Designing Data Intensive Applications - Encoding and Evolution (part 2)

Both forware and backward compatibility are usually required in databases, as you may have multiple applications reading and writing the same data, and evolving at different rates (you may have a new version of the application that writes data, but the old version still reads it, and vice versa).

Sometimes, the integrity of the data has to be taken care of by the application code. Let’s consider the exemple where a new field is added to a table by a new version of the application. The old version of the application may not know about this field, and in the case where it reads a new line containing this field, it won’t consider it, and may write override the line withou this field.

Different values for different clients #

In a database, usually, any value can be updated at any time. So some vale might have been written some milliseconds ago.

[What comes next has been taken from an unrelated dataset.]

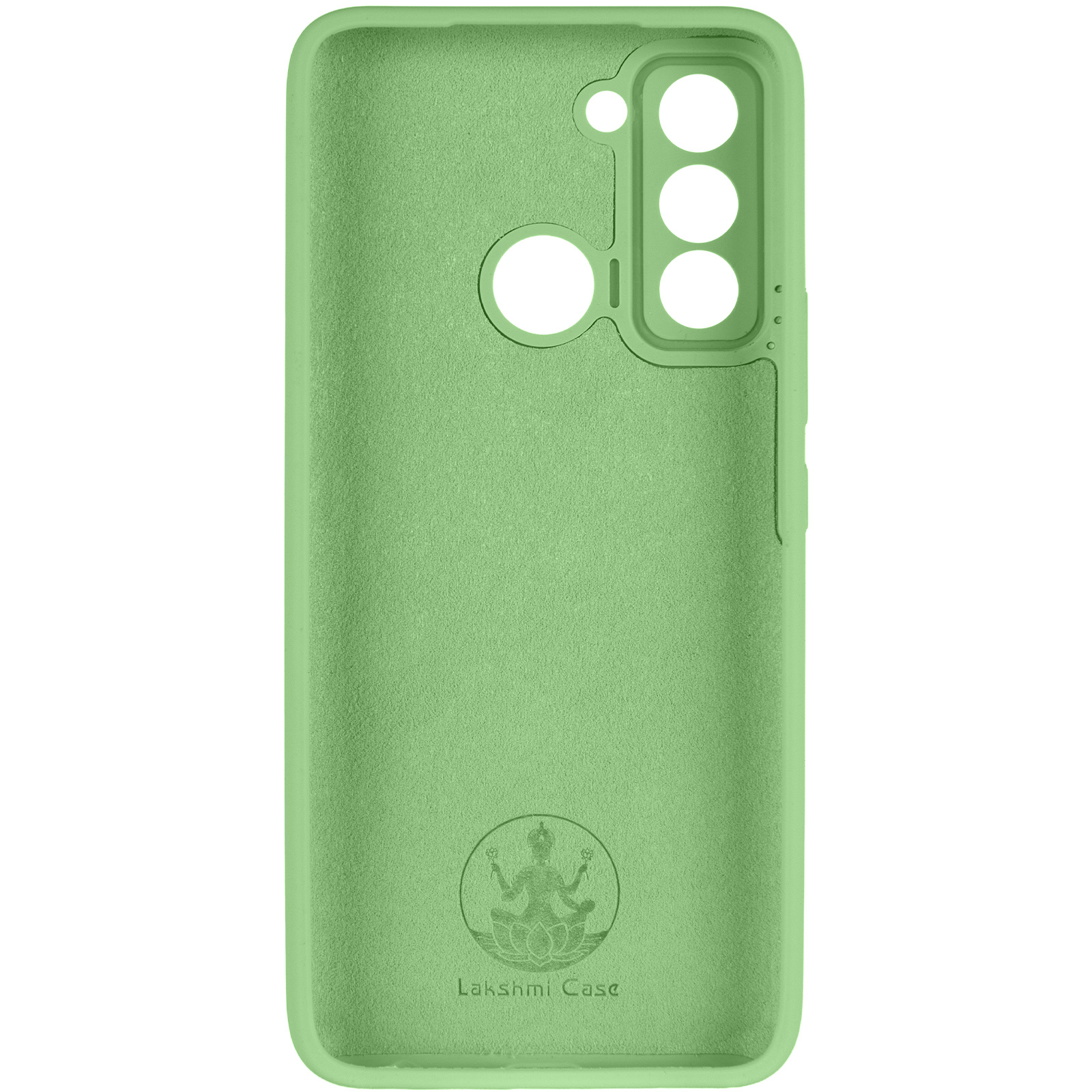 Чохол Silicone Cover Lakshmi Full Camera (AAA) для TECNO Pop 5 LTE, М'ятний / Mint 2, Силікон, купити оптом з доставкою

Also, in the opposite to application code which is deployed to all the replicas in a short time. In databases, the content is usually meant to be there for a long time, so you may encounter data that has been encoded with multiple years old schema.

Rewriting (migrating) data into a new format is a common solution to the problem of schema evolution. But it is expensive on large datasets, and may not be possible in some cases. So, some databases allows only simple schema changes, such as adding a new column with a null default value, without rewriting the entire table.

Schema evolution allows the entire database to appear as if it was encoded with a single schema, even though the underlying storage may contain records encoded with different historical versions of the schema.

Archival storage #

We can take snapshots of a database for backup, or to load it into a data warehouse. In those cases, the data will be encoded using the latest schema.

Dataflow Through Services: REST and RPC #

When data is sent over the network, there are different ways to arrange the communication. Most commonly, it is done with the roles of a client and a server, where the server exposes an API over the network, and the client can connect to the server and make requests to the API.

Some exemple of clients include web browsers, mobile apps, servers, etc…

Some servers can be a client of another server. For instance, a typical app web server will usually be a client to a database server.

This way of decomposing the system into services, usually by area of functionality, is called service-oriented architecture, (SOA). This is most recently called microservices.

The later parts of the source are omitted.